I'm probably not the nicest person. I worry when I see a baby during boarding. I know it’s going to be a challenging time for the baby, the parent, me, and everyone else. So I don’t know what’s worse: sharing a flight with a screaming baby or a dog.
If I hadn’t been on a six-hour flight last winter, cooped up with an emotional support dog 25 rows ahead of me, I might have said I’d rather have a dog than a baby on board. Babies are active at all hours, but dogs sleep most of the time. You can let a dog sit on the carpeted floor and soon it will doze off. But you can’t do it with a baby. Babies need attention. They get hungry, uncomfortable, and bored. So dogs are easy, right?
Wrong.
When I saw the dog walking with its female human toward the gate, I didn’t give it much thought. The only thing that crossed my mind was, “This dog looks old.” Then the plane took off, and I forgot about the dog.

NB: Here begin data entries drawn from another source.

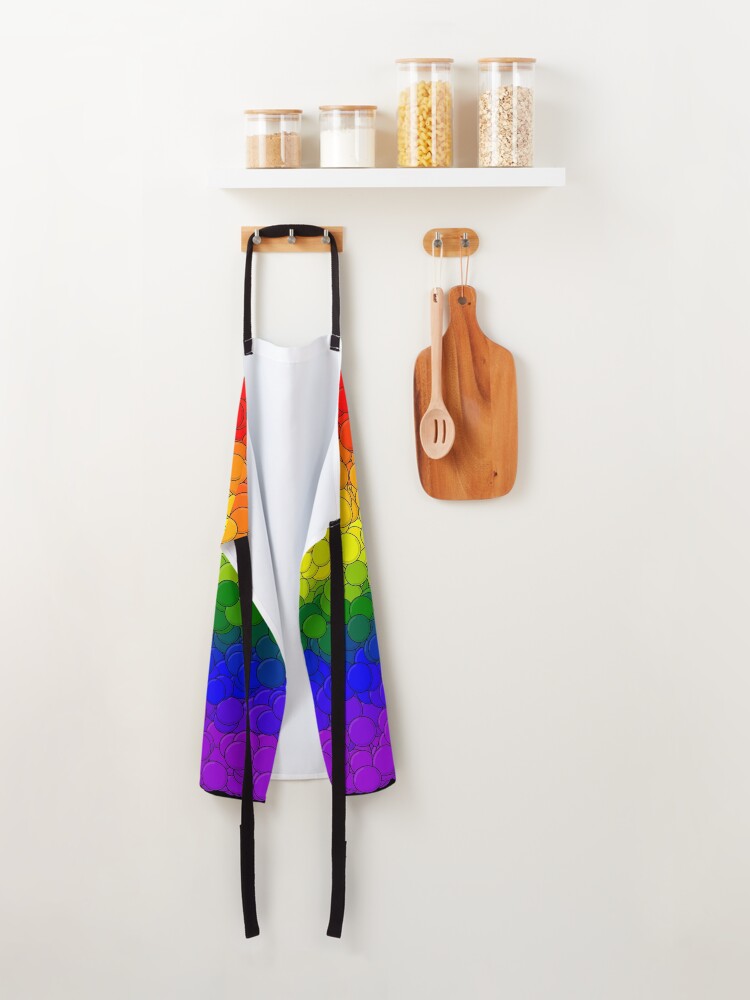Thumbnail 2 of 6, Apron, LGBTQ Pride Flag Bubbles designed and sold by MathenaArt.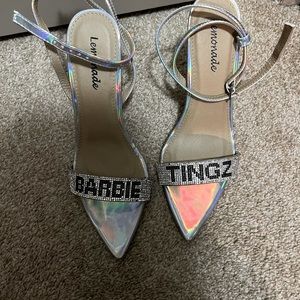 Silver Holographic Barbie Thingz heels.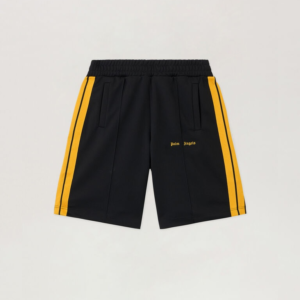 Palm Angels Brand Black-Yellow Shorts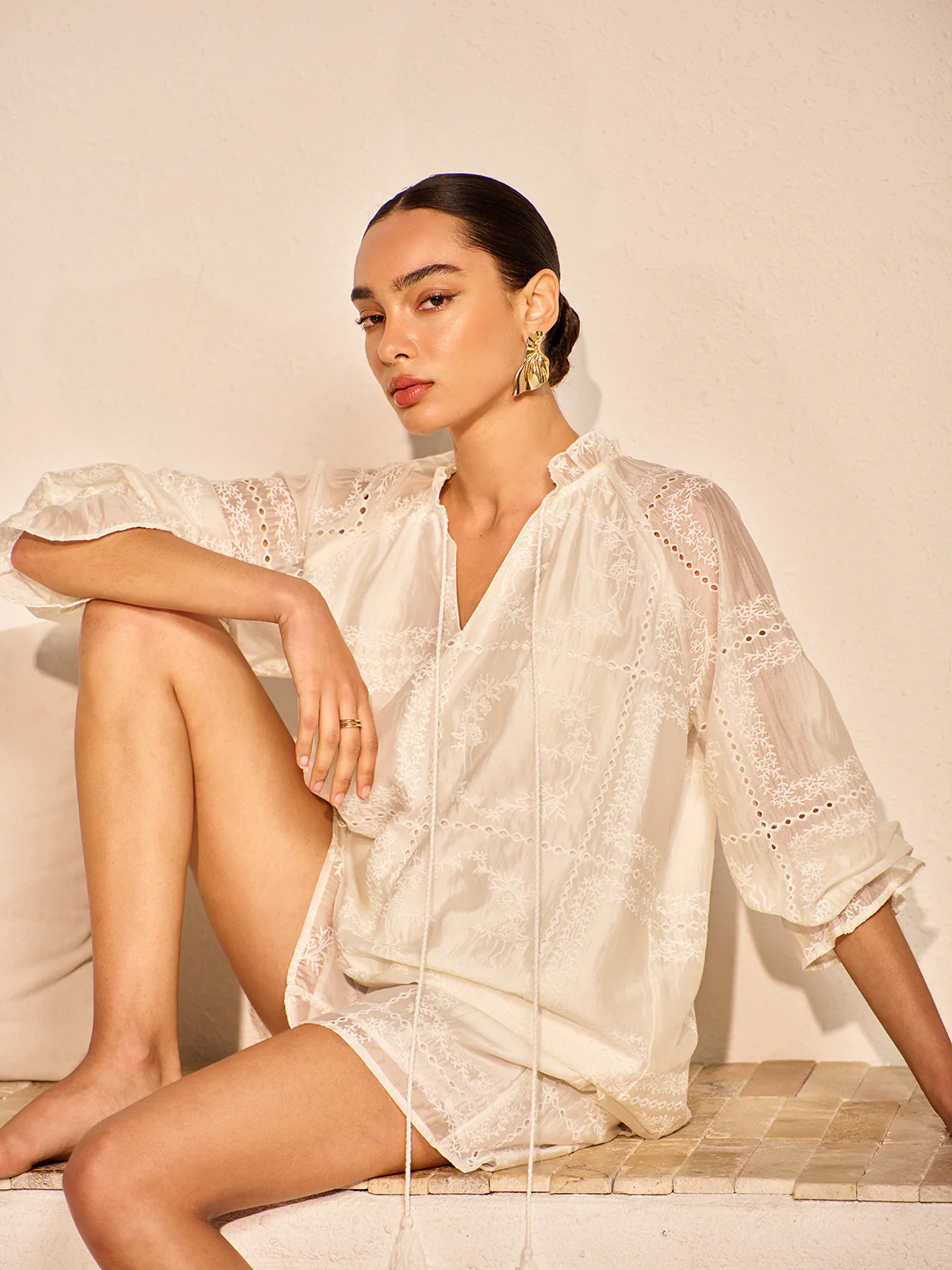 Embroidery Detail Long Sleeve Shorts Set - Takermore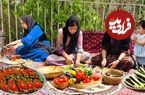 ببینید؛ غذای روستایی در کردستان؛ پخت یک غذای سنتی با بادمجان و گوشت بره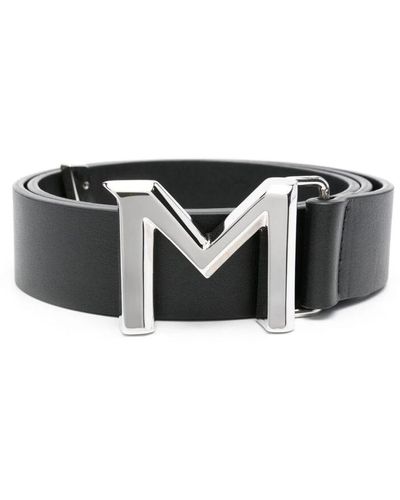 Mugler Cintura in pelle nera con fibbia logo - Nero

Five hours into the flight, a stinky, icky smell I couldn’t pinpoint started to spread through the cabin. A flight attendant ran to the back of the plane. When she passed by me again on the way to the front, I didn’t stop her to ask what had happened. I expected an announcement explaining the hulabaloo. But nothing came. Then the smell exploded everywhere. It was terrible.
I still wasn’t sure what it was until the human I’d seen at the gate, walking with her old dog, appeared, running it toward the toilets behind me, and the smell was unmistakably oozing from the dog. The smell of dog diarrhea sealed every molecule of air inside the flying canister I was sharing with more than 200 people. Is “terrible” the right word?
The crew attempted a response. One attendant appeared with an air freshener and frantically sprayed the air above us to camouflage the stink, offering no explanation. At this point, I don’t know if I saw or imagined the brown pool on the carpet near business class, but despite the awfulness, I couldn’t help feeling a bit of schadenfreude.
Now I worry more about dogs than babies when I fly.
Then again, on the flight home, the man next to me was feeding a tiny dog on his lap.